Effective participation to the Working Group is expected to consume 0.2 fte (one work day per week) for each participant; 0.4 fte (two days per week) for editors.
The working group may apply the Good Standing requirements of the W3C Process.
This group primarily conducts its work on the public mailing list <www-font@w3.org> and may also use the member-only mailing list <w3c-fonts-wg@w3.org>.
Information about the group (deliverables, participants, face-to-face meetings, teleconferences, etc.) is available from the Working Group home page.
The group holds weekly, one-hour teleconferences and two face-to-face meetings. The group may meet more or less frequently as needed.
As explained in the Process Document (section 3.3), this group will seek to make decisions by consensus. When the Chair puts a question and observes dissent, after due consideration of different opinions, the Chair should record a decision (possibly after a formal vote) and any objections, and move on.

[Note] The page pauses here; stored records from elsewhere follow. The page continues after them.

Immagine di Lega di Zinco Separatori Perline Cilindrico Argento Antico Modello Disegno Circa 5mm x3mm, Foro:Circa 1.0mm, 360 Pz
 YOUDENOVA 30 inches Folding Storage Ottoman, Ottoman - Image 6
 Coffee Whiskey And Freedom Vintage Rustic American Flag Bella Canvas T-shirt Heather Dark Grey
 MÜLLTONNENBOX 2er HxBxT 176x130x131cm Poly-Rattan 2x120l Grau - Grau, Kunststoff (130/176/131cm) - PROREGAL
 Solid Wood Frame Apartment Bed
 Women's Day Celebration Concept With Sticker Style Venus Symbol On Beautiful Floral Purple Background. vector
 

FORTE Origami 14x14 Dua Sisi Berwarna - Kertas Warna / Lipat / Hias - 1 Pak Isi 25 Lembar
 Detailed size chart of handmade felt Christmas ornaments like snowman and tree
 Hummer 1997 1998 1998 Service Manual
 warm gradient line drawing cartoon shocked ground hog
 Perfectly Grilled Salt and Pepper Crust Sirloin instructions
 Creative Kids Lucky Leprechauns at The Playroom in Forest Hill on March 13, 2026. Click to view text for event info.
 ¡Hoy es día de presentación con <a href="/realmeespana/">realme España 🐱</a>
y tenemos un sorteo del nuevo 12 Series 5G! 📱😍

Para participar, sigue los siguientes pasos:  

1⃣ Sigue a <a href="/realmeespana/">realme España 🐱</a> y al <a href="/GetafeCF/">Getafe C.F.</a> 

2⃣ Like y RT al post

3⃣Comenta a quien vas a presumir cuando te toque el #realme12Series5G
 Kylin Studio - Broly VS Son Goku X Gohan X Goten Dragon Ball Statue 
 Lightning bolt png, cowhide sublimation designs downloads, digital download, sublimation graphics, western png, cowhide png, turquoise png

This charter is written in accordance with section 3.4, Votes of the W3C Process Document and includes no voting procedures beyond what the Process Document requires.
This Working Group operates under the W3C Patent Policy (5 February 2004 version). To promote the widest adoption of Web standards, W3C seeks to issue Recommendations that can be implemented, according to this policy, on a Royalty-Free basis.
For more information about disclosure obligations for this group, please see the W3C Patent Policy Implementation.
This charter for the Working Group has been created according to section 6.2 of the Process Document. In the event of a conflict between this document or the provisions of any charter and the W3C Process, the W3C Process takes precedence.